Jestem dosyć neutralna jeżeli chodzi o reality show, jednakże w kwestii wyboru to oczywiście że nie popieram takich programów. Reality show to pokaz kilku ludzi robiących z siebie nie wiadomo jakich głupich, często urażają innych. Na przykłąd show pana Majewskiego często parodiował polityków, co mogło doprowadzić do przybycia wielu kompleksów. Na dosyć znanym programie MTV takich show jest mnóstwo. Często są przepełnione przemocą i wulgaryzmami, a jako, że emitowane są około godziny dwudziestej pierwszej niektóre dzieci je oglądają co przysparza im wiele psychicznych problemów. Dzięki reality show człowiek może nauczyć się wiele złych rzeczy. Bez takich emisji ludzie byliby prawie całkowicie wyzbyci z nienawiści do drugiego człowieka. Takie pokazy ukazują sławne osoby w gorszym świecie. Często dzięki nim pozbywamy się autorytetów jakim są chociażby akotrzy filmowi. Są jednak też dobre cechy, jedna z nich jest rozśmieszenie publiczności, co oddziałuje na poprawę humoru. Czasami uczy jak pozbyć sie problemów, jednakże często oglądając taki show zapominamy o nich, co staje się jeszcze gorsze, gdyż kumulujac się przybywa ich coraz więcej.
Tak więc podsumowując jestem przeciwna reality show, któe mają na celu obrażać innych, czy pokazywać wulgarne zachowanie i przemoc. Jeżeli chodzi o rozrywkę poprawiającą humor to czemu nie? jednak w dzisiejszych czasach trudno trafić na takie reality show.
Mam nadzieję, ze pomogłam ;)
Reality show to nic innego jak sposob na promocje pseudogwiazdek ktore za wszelka cene chca zaisteniec w show biznesie. Szkoda tylko ze za zaistnienie na jeden sezon w gronie szerszej publicznosci,uczestnicy takiego show obnazaja swoje wszystkie sekrty,obnazaja samych siebie.
Czy nikt z tych ludzi nie zna swojej wartosci?
Pomijajac juz te wszystkie reality show gdzie seks, ciagle klotnie i nagle niepohamowane ataki placzu sa na porzadku dziennym wedlug mnie najbardziej kontrowersyjnym obecnie show jest "moment prawdy". Ogolnie przyjeto ze jest to teleturniej, ale czy mozna go porownywac z jaka to melodia czy wielka gra?
Nie ma co ukrywac "moment prawdy " to arena dla ludzi bez skrupolow. Ich prywatnosc, ich cale dotychczas poukladane zycie jest wycenione na iles tam tysiecy zlotych. Czy normalny ,odpowiedzialny czlowiek przyznalby sie przed swoim wspolmalzonkiem ze ma romans, albo nie kocha jej/jego? Czy te wygrane pieniadze sa warte zrujnowania sobie zycie? Kazdy moralnosc ma inna, dlatego kazdy odpowie sobie sam na to pytania.

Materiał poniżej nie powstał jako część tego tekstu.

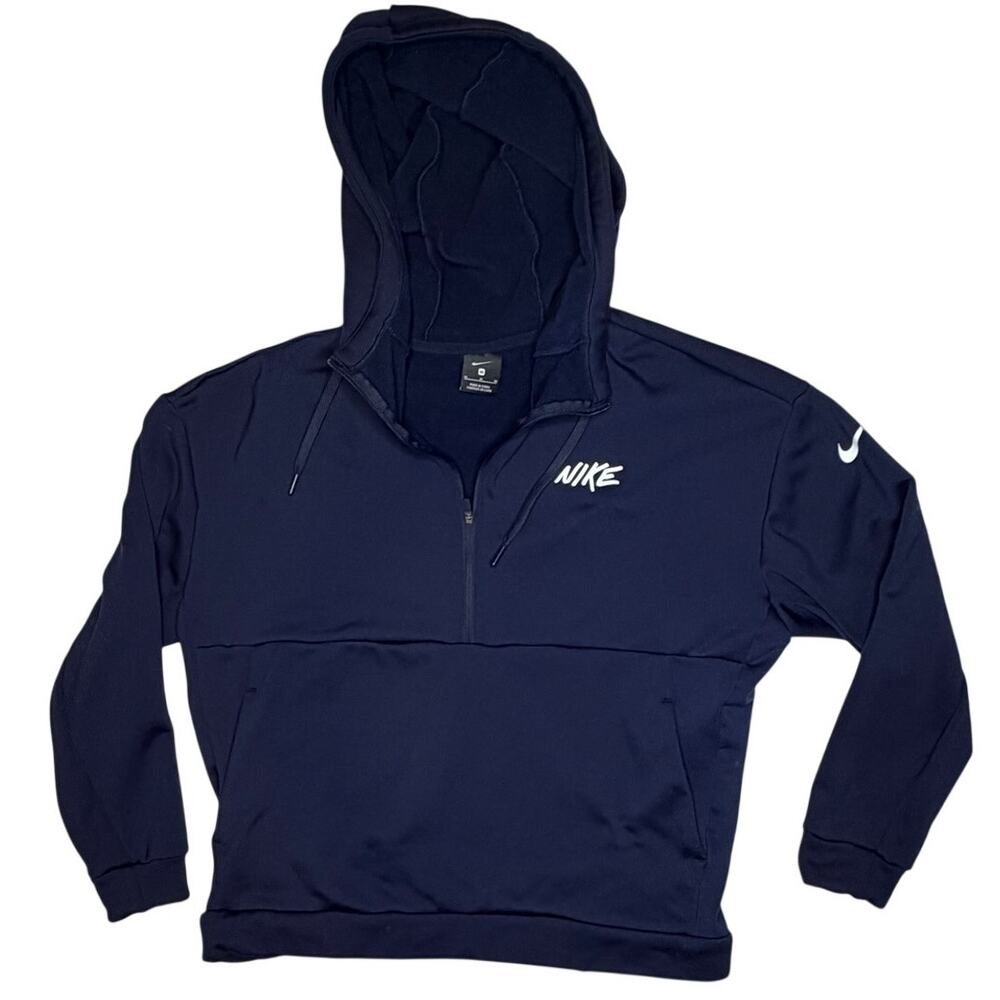 Nike Therma 1/2 Zip Pullover Hoodie Women's Size Med Navy Blue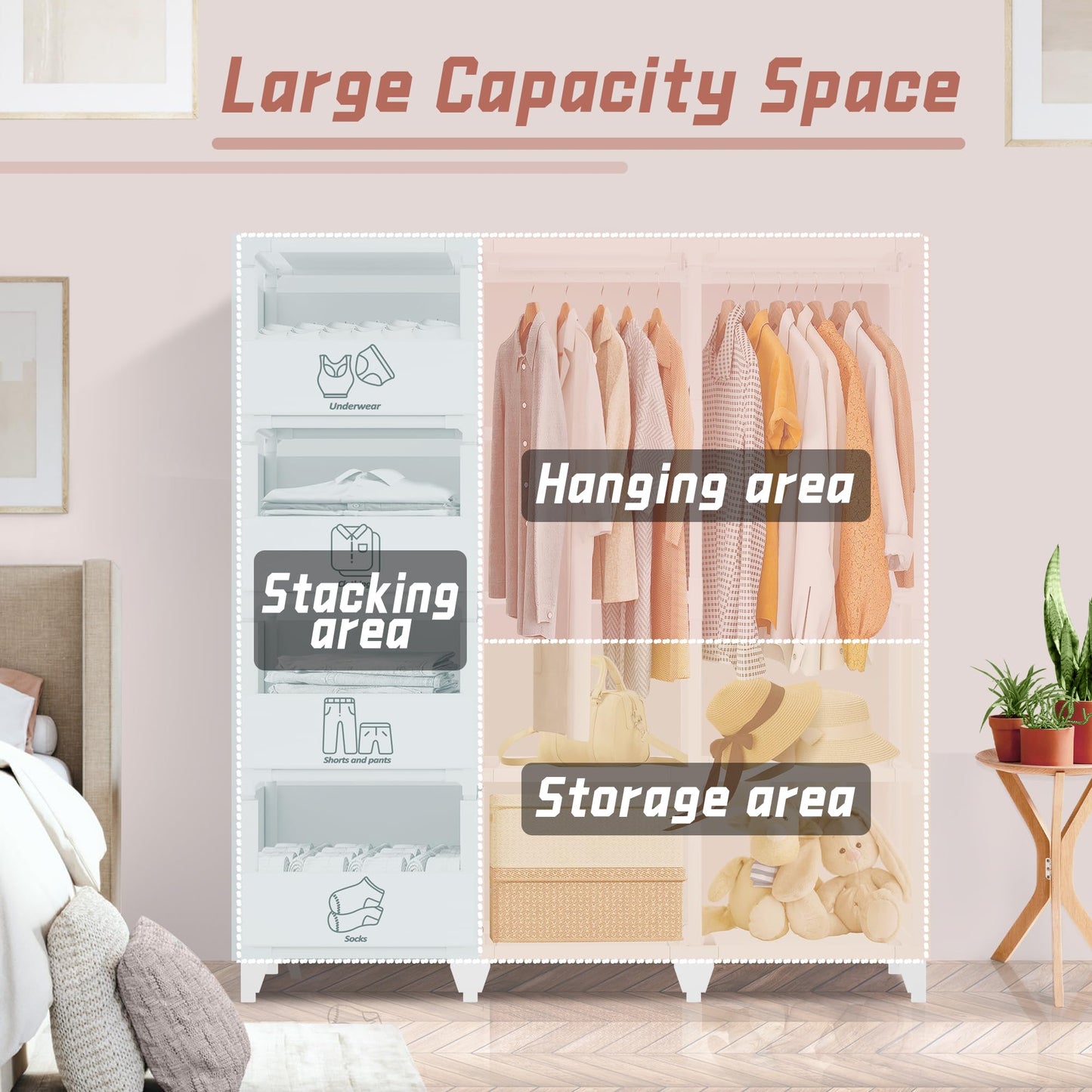 Jofuler Portable Closet, Easy Assembly, Large Capacity Wardrobe Closet, Sturdy and Stable Clothes Rack with Shelves 4 Storage Baskets and 2 Hanging Rods, for Bedroom and Cloakroom White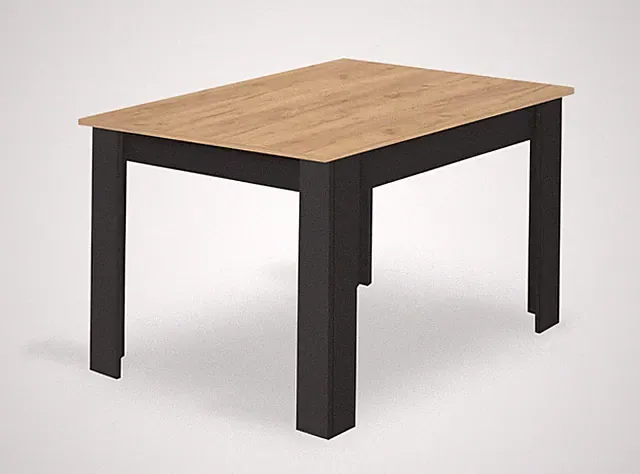 Esstisch NP 120x80 in Artisan mit schwarzen Beinen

Jako osoba niepelnoletnia nie moge brac udzialu w takich przedsiewzieciach.Jestem jednak pewna ze gdybym mogla,napewno nie zgodzilabym sie brac udzialu w czyms co na swoj sposob mnie zniewazy.Owszem sa celebryci ktorzy swoja kariere dzisiaj blyskotliwa,zaczynali od telewizyjnego show ale tak na dobra sprawe czy sa dzisiaj pamietani jako dobrzy uczestnicy czy bohaterowie skandali?
Zycie to niespektakl ktore za pieniadze nalezy sprzedawac innym . Glupi ten co sadzi ze wygrana pieniezna za ujawnienie swoich sekretow,sprawi ze wygrywajacy odzyska zaufanie rodziny, jej szacunek i co najwazniejsze szacunek do siebie samego.
Dzis swiat kusi pokusami."Top madl" stalo sie branie udzialu w roznych show,przeciez kariere tez trzeba jakos zaczac.Chyba uczestnicy nie zdaja sobie sprawy z tego jak sa postrzegani przez gospodarzy,jurorow czy samych widzow.Dla nich to wielka zyciowa szansa a moze i tez zabawa ktora odrywa ich od szarej rzeczywistosci .Dla zwyklego widza to ubaw,a czasami nawet i wstret do uczestnikow bo nie toleruje sie wszelkich dziwactw.
Kategoryczne NIE daje reality show. We wspolczesnym swiecie taka mala role odgrywa szacunek.Jezeli nie bedziemy szanowac siebie, nie bedzie szanowal nas nikt a wtedy zaden reality show nam nie pomoze.Bo show owszem niech bedzie na szklanym ekranie ale nie w realnym zyciu.